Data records
┄┄┄┄┄┄

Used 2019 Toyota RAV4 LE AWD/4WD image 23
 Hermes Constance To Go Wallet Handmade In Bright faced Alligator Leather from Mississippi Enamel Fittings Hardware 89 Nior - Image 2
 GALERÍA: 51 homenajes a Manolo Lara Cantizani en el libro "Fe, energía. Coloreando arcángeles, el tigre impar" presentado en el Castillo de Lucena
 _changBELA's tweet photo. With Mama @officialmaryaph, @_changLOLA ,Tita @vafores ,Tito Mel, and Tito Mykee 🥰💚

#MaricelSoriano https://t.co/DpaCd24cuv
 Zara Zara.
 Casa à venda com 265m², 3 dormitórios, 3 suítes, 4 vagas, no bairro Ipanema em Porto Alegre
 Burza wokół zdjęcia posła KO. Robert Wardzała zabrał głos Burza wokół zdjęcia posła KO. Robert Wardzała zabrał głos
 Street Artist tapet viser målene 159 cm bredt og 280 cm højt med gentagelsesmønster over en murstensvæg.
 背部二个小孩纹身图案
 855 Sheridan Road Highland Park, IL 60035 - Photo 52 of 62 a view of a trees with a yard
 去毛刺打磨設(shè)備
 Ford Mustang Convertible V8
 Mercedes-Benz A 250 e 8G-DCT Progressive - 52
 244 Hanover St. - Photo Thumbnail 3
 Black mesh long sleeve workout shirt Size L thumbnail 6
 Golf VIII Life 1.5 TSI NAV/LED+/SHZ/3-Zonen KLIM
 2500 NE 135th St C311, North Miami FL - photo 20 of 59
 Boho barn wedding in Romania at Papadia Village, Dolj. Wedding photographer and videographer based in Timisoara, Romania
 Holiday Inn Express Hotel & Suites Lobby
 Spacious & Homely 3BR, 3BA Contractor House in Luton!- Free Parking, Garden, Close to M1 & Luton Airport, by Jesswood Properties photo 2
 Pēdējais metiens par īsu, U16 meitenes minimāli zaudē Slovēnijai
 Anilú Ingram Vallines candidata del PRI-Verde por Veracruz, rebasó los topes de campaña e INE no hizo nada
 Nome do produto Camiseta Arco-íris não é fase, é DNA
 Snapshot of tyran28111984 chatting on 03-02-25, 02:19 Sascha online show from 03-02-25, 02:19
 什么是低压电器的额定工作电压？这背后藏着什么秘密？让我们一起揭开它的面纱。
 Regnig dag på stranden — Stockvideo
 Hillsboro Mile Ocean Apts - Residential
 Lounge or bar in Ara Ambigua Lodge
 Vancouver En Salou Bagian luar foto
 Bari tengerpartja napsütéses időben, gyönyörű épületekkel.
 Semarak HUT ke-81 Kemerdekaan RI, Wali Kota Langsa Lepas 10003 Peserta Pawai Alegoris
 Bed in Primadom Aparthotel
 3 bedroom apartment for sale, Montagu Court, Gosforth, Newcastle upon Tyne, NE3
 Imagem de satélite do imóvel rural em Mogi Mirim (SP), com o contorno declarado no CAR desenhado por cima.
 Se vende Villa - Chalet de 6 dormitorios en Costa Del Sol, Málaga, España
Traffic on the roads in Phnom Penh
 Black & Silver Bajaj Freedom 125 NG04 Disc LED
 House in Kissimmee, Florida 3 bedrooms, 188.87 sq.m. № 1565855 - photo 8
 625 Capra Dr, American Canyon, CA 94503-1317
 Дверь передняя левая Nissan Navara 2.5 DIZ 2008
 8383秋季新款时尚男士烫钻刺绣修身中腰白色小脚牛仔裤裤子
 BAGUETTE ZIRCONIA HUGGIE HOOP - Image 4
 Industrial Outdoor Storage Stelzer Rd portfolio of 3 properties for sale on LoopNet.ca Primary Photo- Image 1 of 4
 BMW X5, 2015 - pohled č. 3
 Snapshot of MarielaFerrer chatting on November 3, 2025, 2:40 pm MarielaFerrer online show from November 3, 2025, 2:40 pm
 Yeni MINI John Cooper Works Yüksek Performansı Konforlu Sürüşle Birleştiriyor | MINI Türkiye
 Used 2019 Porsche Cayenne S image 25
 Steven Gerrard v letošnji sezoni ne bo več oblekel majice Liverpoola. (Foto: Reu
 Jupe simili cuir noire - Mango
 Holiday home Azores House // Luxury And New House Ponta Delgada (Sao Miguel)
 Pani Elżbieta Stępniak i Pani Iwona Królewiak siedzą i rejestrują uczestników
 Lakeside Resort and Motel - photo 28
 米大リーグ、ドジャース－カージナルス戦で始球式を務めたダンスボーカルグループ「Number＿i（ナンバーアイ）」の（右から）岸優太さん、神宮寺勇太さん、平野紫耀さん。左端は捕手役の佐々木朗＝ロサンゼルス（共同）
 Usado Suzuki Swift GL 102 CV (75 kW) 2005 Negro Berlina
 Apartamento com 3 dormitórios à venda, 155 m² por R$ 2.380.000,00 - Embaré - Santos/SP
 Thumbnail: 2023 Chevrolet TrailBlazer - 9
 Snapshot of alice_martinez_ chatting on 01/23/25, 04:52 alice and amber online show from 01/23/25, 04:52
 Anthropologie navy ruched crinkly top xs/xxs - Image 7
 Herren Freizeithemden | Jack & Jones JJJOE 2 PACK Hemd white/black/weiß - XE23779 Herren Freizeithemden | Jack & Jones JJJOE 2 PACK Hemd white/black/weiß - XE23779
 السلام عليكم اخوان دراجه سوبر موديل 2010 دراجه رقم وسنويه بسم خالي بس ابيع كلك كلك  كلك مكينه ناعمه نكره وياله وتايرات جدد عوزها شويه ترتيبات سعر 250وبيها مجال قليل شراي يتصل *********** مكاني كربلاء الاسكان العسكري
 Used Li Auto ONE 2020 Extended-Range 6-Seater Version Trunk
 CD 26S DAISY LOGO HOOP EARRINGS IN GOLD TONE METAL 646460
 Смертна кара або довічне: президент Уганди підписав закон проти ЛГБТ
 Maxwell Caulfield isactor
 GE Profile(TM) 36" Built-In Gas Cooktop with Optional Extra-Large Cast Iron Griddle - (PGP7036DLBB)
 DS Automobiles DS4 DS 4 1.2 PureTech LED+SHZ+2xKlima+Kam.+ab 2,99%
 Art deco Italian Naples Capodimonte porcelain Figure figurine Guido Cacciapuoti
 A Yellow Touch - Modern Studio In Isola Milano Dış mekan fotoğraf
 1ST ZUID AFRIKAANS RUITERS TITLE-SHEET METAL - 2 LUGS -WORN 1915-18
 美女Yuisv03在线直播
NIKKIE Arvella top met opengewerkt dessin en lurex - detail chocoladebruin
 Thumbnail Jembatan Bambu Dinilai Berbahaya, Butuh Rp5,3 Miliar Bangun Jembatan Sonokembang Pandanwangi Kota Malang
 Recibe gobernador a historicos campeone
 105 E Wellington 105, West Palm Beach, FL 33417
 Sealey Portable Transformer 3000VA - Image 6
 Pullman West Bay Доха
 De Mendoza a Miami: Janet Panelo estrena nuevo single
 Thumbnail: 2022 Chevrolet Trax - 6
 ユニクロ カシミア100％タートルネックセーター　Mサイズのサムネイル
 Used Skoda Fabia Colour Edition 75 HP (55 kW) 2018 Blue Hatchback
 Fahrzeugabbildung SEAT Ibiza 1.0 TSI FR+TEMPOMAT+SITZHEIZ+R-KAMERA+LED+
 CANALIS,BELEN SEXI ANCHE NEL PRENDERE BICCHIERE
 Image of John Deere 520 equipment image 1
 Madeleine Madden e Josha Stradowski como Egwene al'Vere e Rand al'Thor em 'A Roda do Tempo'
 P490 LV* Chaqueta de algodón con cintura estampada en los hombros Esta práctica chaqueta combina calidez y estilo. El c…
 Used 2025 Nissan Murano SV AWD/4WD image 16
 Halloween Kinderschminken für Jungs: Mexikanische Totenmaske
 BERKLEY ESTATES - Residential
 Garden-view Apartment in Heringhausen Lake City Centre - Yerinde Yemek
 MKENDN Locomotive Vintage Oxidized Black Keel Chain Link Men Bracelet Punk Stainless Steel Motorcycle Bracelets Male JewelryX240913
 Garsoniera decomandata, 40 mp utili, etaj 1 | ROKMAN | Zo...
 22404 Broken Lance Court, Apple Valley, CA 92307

┄┄┄┄┄┄

▸ **DESCRIPTION OF THE TASK**:
Copy exactly the stretch of data above from the line with "Used Skoda Fabia" through the line with "BERKLEY ESTATES - Residential", and omit all other lines.

▸ **THE ANSWER**:
 Used Skoda Fabia Colour Edition 75 HP (55 kW) 2018 Blue Hatchback
 Fahrzeugabbildung SEAT Ibiza 1.0 TSI FR+TEMPOMAT+SITZHEIZ+R-KAMERA+LED+
 CANALIS,BELEN SEXI ANCHE NEL PRENDERE BICCHIERE
 Image of John Deere 520 equipment image 1
 Madeleine Madden e Josha Stradowski como Egwene al'Vere e Rand al'Thor em 'A Roda do Tempo'
 P490 LV* Chaqueta de algodón con cintura estampada en los hombros Esta práctica chaqueta combina calidez y estilo. El c…
 Used 2025 Nissan Murano SV AWD/4WD image 16
 Halloween Kinderschminken für Jungs: Mexikanische Totenmaske
 BERKLEY ESTATES - Residential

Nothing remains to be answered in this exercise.